Stored dataset items:
════
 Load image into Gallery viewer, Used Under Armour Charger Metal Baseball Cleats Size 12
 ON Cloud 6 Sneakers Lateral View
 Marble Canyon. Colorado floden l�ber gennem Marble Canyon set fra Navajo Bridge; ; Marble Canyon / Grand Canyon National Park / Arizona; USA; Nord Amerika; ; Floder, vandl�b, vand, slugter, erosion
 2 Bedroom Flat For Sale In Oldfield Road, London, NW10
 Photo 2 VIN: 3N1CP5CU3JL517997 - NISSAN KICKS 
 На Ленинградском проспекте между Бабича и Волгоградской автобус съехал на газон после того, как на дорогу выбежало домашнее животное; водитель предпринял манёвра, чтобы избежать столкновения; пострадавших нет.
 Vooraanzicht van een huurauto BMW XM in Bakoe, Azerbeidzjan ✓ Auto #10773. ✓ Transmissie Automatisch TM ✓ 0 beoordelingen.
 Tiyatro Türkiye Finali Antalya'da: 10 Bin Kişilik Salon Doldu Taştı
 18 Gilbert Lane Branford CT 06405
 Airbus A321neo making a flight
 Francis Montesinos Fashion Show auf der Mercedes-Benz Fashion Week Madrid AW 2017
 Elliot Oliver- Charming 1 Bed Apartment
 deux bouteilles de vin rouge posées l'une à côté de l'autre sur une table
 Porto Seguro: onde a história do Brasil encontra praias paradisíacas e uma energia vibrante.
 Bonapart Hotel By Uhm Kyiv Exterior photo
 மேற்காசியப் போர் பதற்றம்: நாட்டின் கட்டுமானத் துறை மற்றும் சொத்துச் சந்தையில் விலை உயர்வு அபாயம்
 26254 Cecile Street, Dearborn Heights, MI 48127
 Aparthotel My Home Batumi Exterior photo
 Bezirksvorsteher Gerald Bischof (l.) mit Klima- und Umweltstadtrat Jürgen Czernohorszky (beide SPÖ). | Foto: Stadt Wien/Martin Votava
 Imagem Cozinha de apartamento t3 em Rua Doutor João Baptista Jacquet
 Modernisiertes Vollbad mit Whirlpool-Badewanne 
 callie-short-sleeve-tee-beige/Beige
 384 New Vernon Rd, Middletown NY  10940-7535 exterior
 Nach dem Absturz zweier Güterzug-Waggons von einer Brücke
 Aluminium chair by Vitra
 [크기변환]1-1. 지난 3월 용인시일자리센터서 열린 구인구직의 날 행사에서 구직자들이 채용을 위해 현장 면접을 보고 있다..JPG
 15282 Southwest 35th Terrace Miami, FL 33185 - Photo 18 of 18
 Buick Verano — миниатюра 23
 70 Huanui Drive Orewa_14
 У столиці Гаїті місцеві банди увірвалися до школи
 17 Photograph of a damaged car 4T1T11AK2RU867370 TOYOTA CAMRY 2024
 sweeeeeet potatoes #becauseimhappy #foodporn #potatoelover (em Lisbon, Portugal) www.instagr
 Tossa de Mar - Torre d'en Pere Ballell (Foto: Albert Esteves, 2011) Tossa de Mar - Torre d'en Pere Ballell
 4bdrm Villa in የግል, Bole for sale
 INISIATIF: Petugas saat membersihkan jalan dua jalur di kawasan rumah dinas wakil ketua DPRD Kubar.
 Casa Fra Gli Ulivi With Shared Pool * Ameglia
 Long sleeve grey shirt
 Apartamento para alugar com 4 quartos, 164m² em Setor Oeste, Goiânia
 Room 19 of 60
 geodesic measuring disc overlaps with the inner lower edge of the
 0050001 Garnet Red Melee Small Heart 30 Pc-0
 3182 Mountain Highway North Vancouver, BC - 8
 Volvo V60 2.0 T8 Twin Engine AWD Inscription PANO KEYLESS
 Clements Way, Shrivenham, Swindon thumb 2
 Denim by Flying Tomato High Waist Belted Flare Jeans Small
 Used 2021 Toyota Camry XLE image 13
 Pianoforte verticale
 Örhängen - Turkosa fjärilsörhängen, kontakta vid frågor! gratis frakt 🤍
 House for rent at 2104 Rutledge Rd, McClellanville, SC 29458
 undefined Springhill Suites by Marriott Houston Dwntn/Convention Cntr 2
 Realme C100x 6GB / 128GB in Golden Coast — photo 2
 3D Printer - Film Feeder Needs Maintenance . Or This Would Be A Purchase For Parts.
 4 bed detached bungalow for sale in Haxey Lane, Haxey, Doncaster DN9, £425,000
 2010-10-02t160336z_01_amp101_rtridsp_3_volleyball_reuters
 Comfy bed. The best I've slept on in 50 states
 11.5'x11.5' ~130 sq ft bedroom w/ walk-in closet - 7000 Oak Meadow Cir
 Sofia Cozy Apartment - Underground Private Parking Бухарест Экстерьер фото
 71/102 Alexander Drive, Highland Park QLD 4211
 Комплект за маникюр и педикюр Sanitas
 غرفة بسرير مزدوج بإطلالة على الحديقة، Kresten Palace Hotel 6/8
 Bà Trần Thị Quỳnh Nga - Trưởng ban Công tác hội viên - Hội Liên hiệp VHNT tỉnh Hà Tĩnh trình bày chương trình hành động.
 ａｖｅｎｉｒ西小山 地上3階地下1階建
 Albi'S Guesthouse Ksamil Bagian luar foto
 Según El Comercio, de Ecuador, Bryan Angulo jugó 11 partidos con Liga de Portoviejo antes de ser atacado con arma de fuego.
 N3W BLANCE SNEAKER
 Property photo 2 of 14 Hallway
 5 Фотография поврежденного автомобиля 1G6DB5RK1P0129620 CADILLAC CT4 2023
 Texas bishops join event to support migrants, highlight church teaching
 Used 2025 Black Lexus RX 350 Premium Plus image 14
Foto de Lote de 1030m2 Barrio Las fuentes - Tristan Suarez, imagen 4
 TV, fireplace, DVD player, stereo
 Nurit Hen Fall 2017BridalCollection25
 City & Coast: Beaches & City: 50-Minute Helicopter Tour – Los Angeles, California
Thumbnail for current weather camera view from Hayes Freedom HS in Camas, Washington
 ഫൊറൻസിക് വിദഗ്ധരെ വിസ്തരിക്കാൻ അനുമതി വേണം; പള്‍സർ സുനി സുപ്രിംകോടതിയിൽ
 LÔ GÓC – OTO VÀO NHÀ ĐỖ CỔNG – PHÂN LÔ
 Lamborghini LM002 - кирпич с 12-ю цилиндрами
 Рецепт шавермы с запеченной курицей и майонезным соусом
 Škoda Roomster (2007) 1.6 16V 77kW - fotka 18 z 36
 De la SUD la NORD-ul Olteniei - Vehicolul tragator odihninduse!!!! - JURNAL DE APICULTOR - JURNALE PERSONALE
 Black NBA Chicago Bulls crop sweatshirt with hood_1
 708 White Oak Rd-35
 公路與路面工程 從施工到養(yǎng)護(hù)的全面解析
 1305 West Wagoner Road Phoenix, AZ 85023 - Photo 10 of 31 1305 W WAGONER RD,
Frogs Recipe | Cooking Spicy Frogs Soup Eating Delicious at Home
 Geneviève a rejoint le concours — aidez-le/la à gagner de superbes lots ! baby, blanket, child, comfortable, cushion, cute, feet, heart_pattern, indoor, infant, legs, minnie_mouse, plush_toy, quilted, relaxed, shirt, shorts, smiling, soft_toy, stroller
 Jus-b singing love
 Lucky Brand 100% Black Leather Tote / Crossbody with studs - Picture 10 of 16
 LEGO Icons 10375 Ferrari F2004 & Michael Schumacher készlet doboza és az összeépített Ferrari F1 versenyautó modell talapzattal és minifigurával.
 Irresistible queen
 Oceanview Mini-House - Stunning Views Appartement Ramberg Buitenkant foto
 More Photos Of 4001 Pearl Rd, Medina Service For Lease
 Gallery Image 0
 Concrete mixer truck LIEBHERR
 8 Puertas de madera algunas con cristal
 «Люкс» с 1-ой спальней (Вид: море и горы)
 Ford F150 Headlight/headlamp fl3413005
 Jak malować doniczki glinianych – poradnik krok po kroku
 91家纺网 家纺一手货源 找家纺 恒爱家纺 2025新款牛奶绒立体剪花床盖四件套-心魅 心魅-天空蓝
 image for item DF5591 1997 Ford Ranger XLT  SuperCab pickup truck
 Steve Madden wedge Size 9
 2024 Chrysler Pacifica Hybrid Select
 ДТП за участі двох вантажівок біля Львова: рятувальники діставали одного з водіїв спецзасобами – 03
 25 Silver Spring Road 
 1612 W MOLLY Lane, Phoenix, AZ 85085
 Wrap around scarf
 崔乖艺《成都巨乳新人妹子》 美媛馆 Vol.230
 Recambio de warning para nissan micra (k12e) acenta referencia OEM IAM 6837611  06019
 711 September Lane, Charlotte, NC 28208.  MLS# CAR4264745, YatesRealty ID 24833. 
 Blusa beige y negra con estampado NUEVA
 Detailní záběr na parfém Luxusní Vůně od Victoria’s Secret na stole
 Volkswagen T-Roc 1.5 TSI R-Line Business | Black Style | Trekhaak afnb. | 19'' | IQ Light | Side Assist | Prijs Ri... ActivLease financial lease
════
▶ [Task description]
Copy nothing beyond the line containing "2 Bedroom Flat". Transcribe exactly from the first line of the entries down to that line, inclusive.

▶ [Reply]
 Load image into Gallery viewer, Used Under Armour Charger Metal Baseball Cleats Size 12
 ON Cloud 6 Sneakers Lateral View
 Marble Canyon. Colorado floden l�ber gennem Marble Canyon set fra Navajo Bridge; ; Marble Canyon / Grand Canyon National Park / Arizona; USA; Nord Amerika; ; Floder, vandl�b, vand, slugter, erosion
 2 Bedroom Flat For Sale In Oldfield Road, London, NW10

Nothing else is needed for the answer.